When to use this pattern
Use this pattern when:
- An application deployment has a shared concern such as SSL certificates or encryption.
- A feature that is common across application deployments that may have different resource requirements, such as memory resources, storage capacity or network connections.
- You wish to move the responsibility for issues such as network security, throttling, or other network boundary concerns to a more specialized team.
This pattern may not be suitable if it introduces coupling across services.
Workload design
An architect should evaluate how the Gateway Offloading pattern can be used in their workload's design to address the goals and principles covered in the Azure Well-Architected Framework pillars. For example:
Pillar | How this pattern supports pillar goals |
---|---|
Reliability design decisions help your workload become resilient to malfunction and to ensure that it recovers to a fully functioning state after a failure occurs. | Offloading this responsibility to a gateway reduces the complexity of application code on backend nodes.
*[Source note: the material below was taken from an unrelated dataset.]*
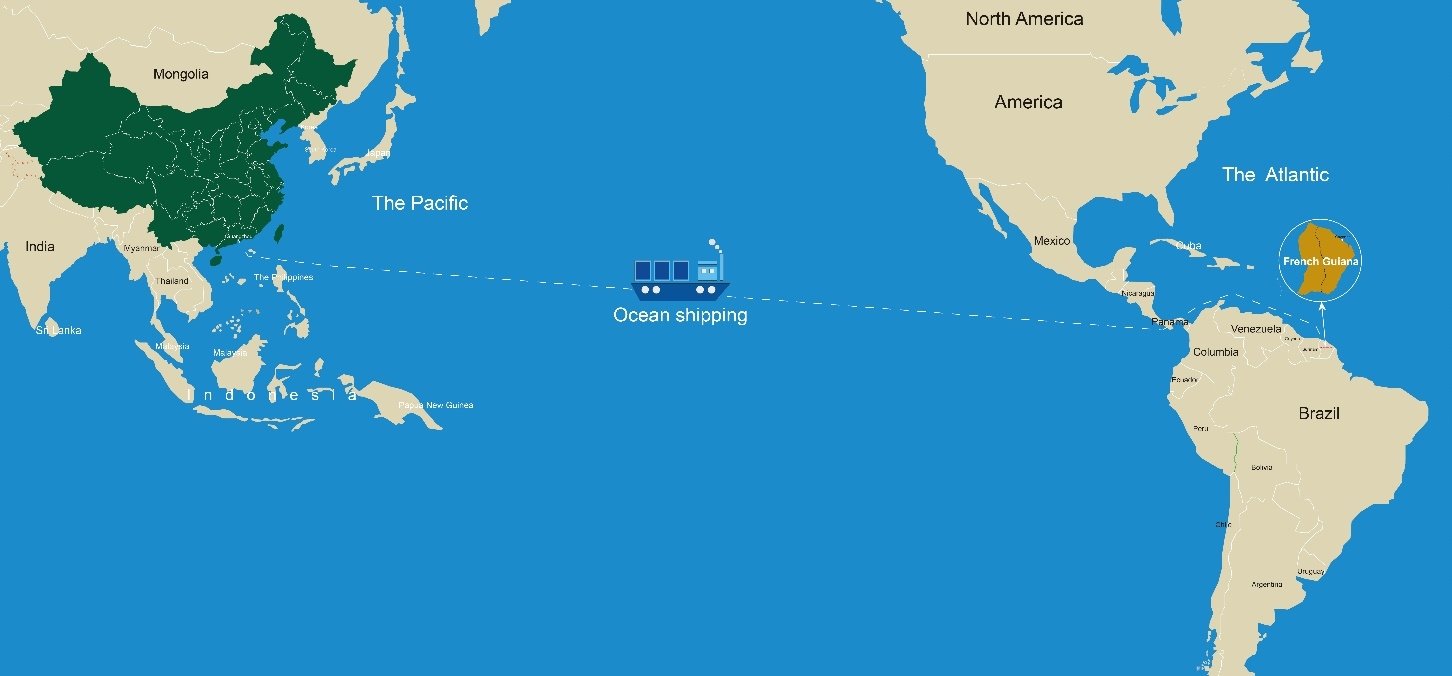 freight price list from china to french guiana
In some cases, offloading completely replaces functionality with a reliable platform-provided feature. - RE:01 Simplicity and efficiency |
Security design decisions help ensure the confidentiality, integrity, and availability of your workload's data and systems. | Adding a gateway into the request flow enables you to centralize security functionality like web application firewalls and TLS connections with clients. Any offloaded functionality that's platform-provided already offers enhanced security. - SE:06 Network controls - SE:08 Hardening resources |
Cost Optimization is focused on sustaining and improving your workload's return on investment. | This pattern enables you to redirect costs from resources that would be spent per-node into the gateway implementation. Costs in the centralized processing model are frequently lower than those of the distributed model. - CO:14 Consolidation |
Operational Excellence helps deliver workload quality through standardized processes and team cohesion. | In this pattern, the configuration and upkeep of the offloaded functionality is from single point instead of managing it from multiple nodes. - OE:04 Tools and processes |
Performance Efficiency helps your workload efficiently meet demands through optimizations in scaling, data, code. | Adding an offloading gateway to the request process enables you to use less resources per-node because functionality is centralized at the gateway. You can optimize the implementation of the offloaded functionality independently of the application code. Offloaded platform-provided functionality is already likely to be highly performant. - PE:03 Selecting services |
As with any design decision, consider any tradeoffs against the goals of the other pillars that might be introduced with this pattern.
Example
Using Nginx as the SSL offload appliance, the following configuration terminates an inbound SSL connection and distributes the connection to one of three upstream HTTP servers.
upstream iis {
server 10.3.0.10 max_fails=3 fail_timeout=15s;
server 10.3.0.20 max_fails=3 fail_timeout=15s;
server 10.3.0.30 max_fails=3 fail_timeout=15s;
}
server {
listen 443;
ssl on;
ssl_certificate /etc/nginx/ssl/domain.cer;
ssl_certificate_key /etc/nginx/ssl/domain.key;
location / {
set $targ iis;
proxy_pass http://$targ;
proxy_set_header X-Forwarded-For $proxy_add_x_forwarded_for;
proxy_set_header X-Forwarded-Proto https;
proxy_set_header X-Real-IP $remote_addr;
proxy_set_header Host $host;
}
}
On Azure, this can be achieved by setting up SSL termination on Application Gateway.